# Fletch's Fishbowl Shenanigans



## tenzero1 (Nov 29, 2011)

Good start. Just remember that with less water volume you are likely to have more issues due to the confinement. Personally I would fill it to the brim. You will know when algae appears in that small of a tank.


----------



## Fletch (Mar 18, 2004)

*Fletch's Fishbowl Day 9*

On Day 7, after I noticed brown algae on all the leaves, I did another 100% water change (used aquarium water) and added some ramshorn snails. By Day 9, the 4 tiny ramshorns had cleaned all of the algae off most of the plants. If you look at the photo of the Anubias leaf on the right, it still is half covered with brown algae. By the time I got around to doing this post, the snails had totally polished off the algae. I love these guys. Now if I could just get them to clean my kitchen. Might have to fill the kitchen with water though. Also, they didn't die of ammonia poisoning, so I thought that was a good sign. Still nervous that I am going to get some sort of ammonia spike, or massive algae bloom, mainly because this is actually my first "dirted" tank. Herbert Axelrod's ghost is telling me that using dirt in an aquarium is insane, but all the fantastic pictures on the internet are telling me the opposite.


----------



## Fletch (Mar 18, 2004)

tenzero1 said:


> Good start. Just remember that with less water volume you are likely to have more issues due to the confinement. Personally I would fill it to the brim. You will know when algae appears in that small of a tank.

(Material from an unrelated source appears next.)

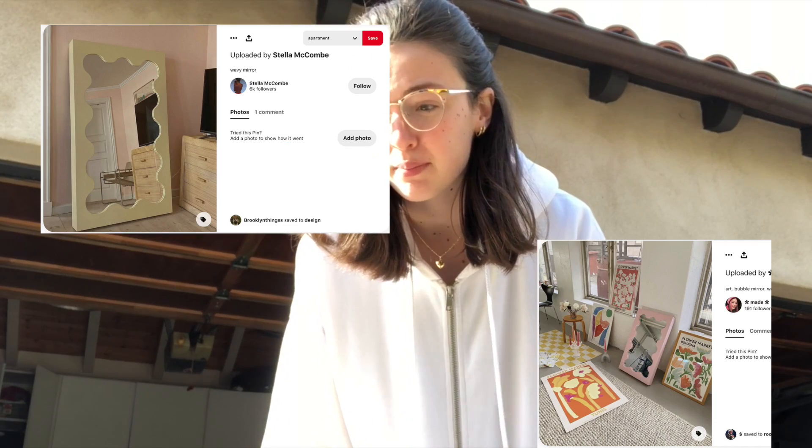Hello, howdy. We are attempting to make one of those cute wavy mirrors. I'm gonna try and document it, see how it goes. Hopefully it doesn't turn out too terrible, but we'll see.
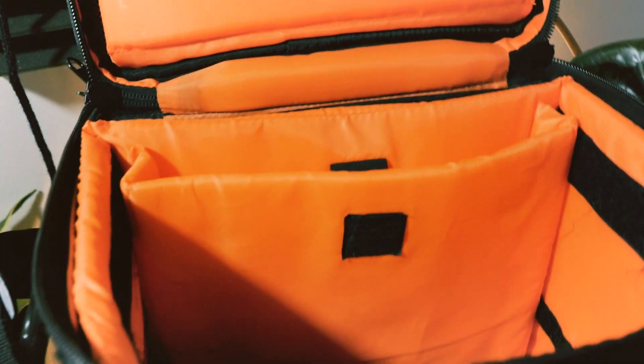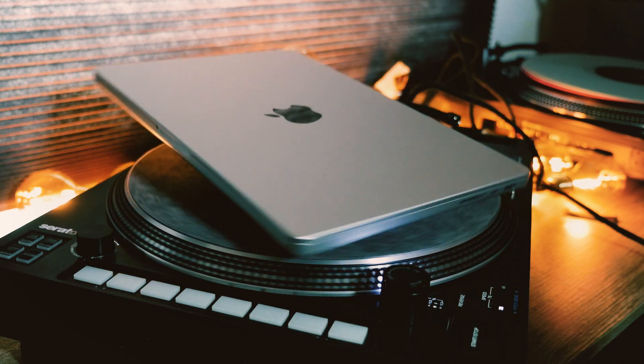The second thing I always pack is my laptop. As you can see, it has a special sleeve on the bag to put it in. It goes always protected, doesn't get scratches, and I know I can take it everywhere and always feel safe with it.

That was my plan. Push the issue, find out sooner (ie. while I was still on holidays) so I could react immediately. It's full to the brim now. Love the magnification look.


----------



## Fletch (Mar 18, 2004)

*Another shot of Day 9*

A better shot of the slightly dirty Anubias that my buddy the snail totally polished by the end of the day. Hmmmm, apparently I need to do some reading in the photography forum.


----------



## Fletch (Mar 18, 2004)

Went back to the dreaded WalMart and bought the last 2g clear bowl in the city. If there was an Aquariums Anonymous, I would have to call my sponsor


----------



## Knotyoureality (Aug 3, 2012)

Nah, "addiction" is when you go out to dinner and find yourself eyeing the oversized wineglasses wondering if they'd be too top-heavy to make a good pico tank. Or haunting the thrift stores on your day off collecting interesting vases, bowls and glasses. 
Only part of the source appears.